とても教科書っぽいです。ただ文章は程よく砕けていて読みやすく、理論をベースに実際の例をたくさん挙げて説明されているのでとっつきやすいです。
特に参考になった章:7章 Using color, 10章 Categories of Type
Using color -カラーを使う-
色について。
どのデザイン入門本でも必ず扱っていると思います。
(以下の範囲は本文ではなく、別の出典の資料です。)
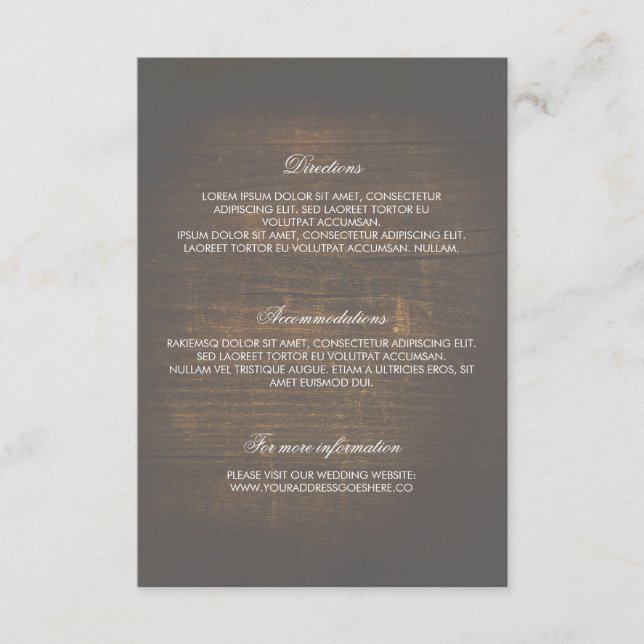 Rustic Wood Gold Confetti Wedding Details Enclosure Card (Front)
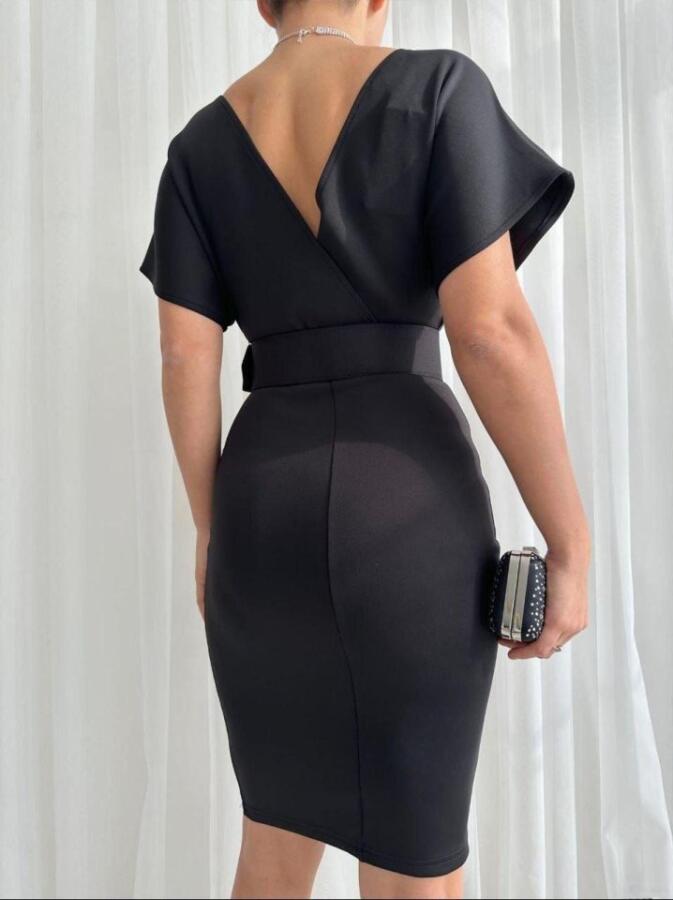 Kadın Dalgıç Krep V Yaka Ve Sırt Dekolte Detaylı Elbise - 5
あとに紹介する2つの本でももちろん扱っていました。
ただ色相環についてはこの本が一番掘り下げていたように思います。
- カラーホイールの成り立ち
- 赤・青・黄色が原色
- それらの間にできる色(緑・紫・オレンジ)が2次色(等和色)
- 原色と2次色の間にできる6つの色が3次色
- 3次色でカラーパレット作る例が可愛かった。
- 補色
- カラーホイールで真向かいにある色
- 反対の色なのでアクセントとして有効
- トライアド
- プライマリー・トライアド → 原色(赤・青・黄色)
- セコンダリー・トライアド → 2次色(緑・紫・オレンジ)
- スプリット・コンプリメント・トライアド → ある1色と、その補色の両隣にある2色
- 類似色
- 隣り合う3色
- 明度と呼び名
- ヒュー → 純粋な色
- シェード → ヒューに黒が加わった暗い色
- チント → ヒュー白が加わった明るい色
Categories of Type -活字のカテゴリー-
フォントの種類について。フォントを6つのカテゴリにわけて、それらの特徴と見分け方を解説しています。
あーこの分類、Google fontのサイドメニューで絞り込むやつ!!ってなりました。
実は私フォント音痴で、セリフとサンセリフの区別がギリつく、ぐらいのレベル。。。なのでこの章は大変助かりました。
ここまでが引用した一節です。